The UK mortgage market is experiencing significant shifts, with lenders adjusting rates and products in response to market conditions. Notably, Santander has announced reductions across its mortgage range, while the Renters’ Rights Act has sparked a surge in evictions, raising concerns for tenants and landlords alike.
TL;DR: Santander is cutting mortgage rates, impacting both new and existing borrowers; nearly 20,000 tenants faced eviction before the Renters’ Rights Act took effect, highlighting risks for renters.
What are Santander’s latest mortgage rate changes?
Effective from 18 June, Santander is reducing rates on many fixed and tracker mortgage products for both residential and buy-to-let customers. While most products will see rate cuts, first-time buyer products at 85% loan-to-value (LTV) will experience increases. Additionally, Santander is introducing new home mover products, lowering product fees, and reintroducing selected first-time buyer products. The lender is also extending key application and completion deadlines by one month, which may provide more flexibility for borrowers.

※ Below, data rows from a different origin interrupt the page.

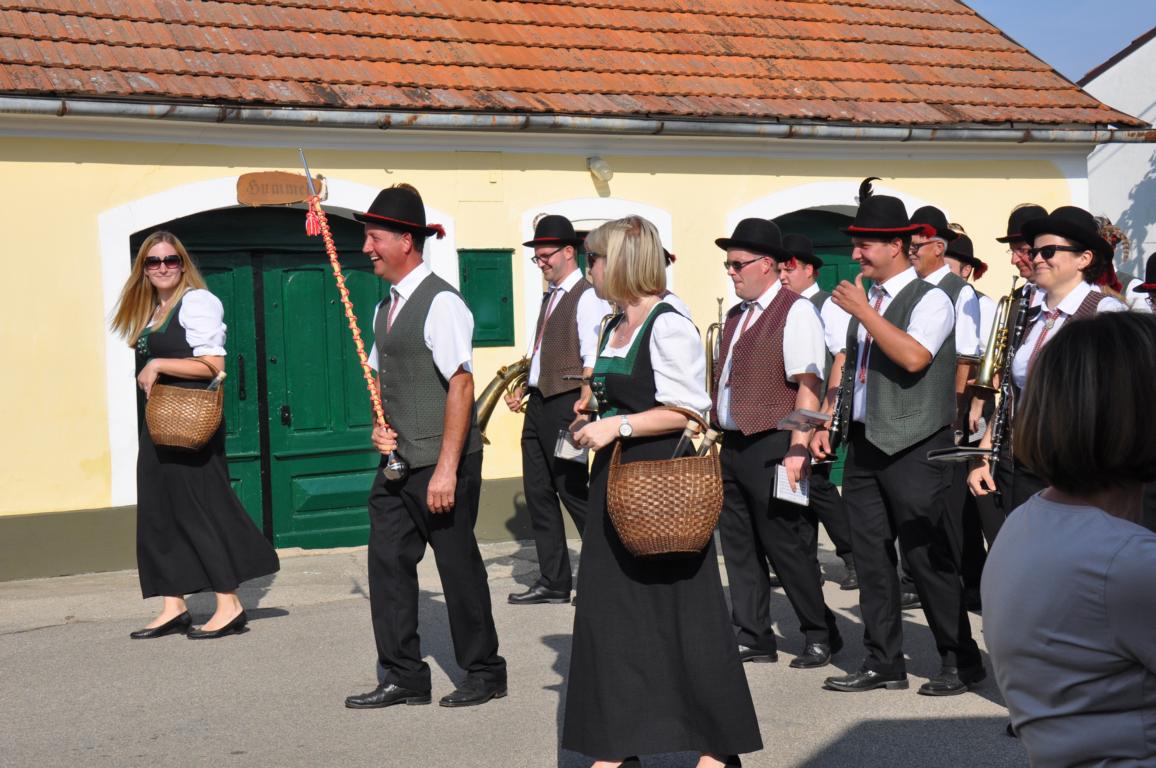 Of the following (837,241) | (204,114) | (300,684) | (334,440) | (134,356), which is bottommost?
(300,684)

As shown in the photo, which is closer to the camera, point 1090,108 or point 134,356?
point 134,356

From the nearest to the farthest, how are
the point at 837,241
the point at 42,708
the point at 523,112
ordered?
1. the point at 42,708
2. the point at 523,112
3. the point at 837,241

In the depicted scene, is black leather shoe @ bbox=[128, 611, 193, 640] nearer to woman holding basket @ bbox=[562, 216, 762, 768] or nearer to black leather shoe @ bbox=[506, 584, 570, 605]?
black leather shoe @ bbox=[506, 584, 570, 605]

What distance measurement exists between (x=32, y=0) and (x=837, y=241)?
6.52 m

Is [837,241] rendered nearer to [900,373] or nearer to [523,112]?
[523,112]

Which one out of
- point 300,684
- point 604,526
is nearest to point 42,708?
point 300,684

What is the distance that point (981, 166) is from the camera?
38.3 feet

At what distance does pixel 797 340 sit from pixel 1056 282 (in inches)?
50.2

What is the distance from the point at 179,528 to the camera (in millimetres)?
7027

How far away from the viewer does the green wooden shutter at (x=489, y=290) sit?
32.7ft

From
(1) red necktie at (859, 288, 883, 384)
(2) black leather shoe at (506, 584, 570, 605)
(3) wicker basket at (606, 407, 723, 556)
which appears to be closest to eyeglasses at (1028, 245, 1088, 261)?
(1) red necktie at (859, 288, 883, 384)

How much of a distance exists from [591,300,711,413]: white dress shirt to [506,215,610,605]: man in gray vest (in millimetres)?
3164

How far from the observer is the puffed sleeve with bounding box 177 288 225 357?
6.96 m

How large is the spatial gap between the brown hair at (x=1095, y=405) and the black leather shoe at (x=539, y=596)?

How are house prices trending this June?
According to Rightmove, average asking prices for newly listed homes have fallen by 0.6% in June, bringing the average price to £376,191. This marks the largest decline for June in 14 years, as sellers adjust to a more competitive market and increasingly price-conscious buyers. This trend may indicate a cooling in the housing market, which could influence buyer sentiment and lending strategies moving forward.
What impact has the Renters’ Rights Act had on the mortgage market?
Research from COHO reveals that nearly 20,000 tenants were evicted in the month preceding the Renters’ Rights Act’s implementation. Approximately one in four tenants received eviction notices ahead of the ban on Section 21 “no-fault” evictions, suggesting that landlords may be accelerating evictions as they adapt to the new legal framework. This shift could lead to increased caution among landlords regarding risks associated with rent arrears and anti-social behaviour.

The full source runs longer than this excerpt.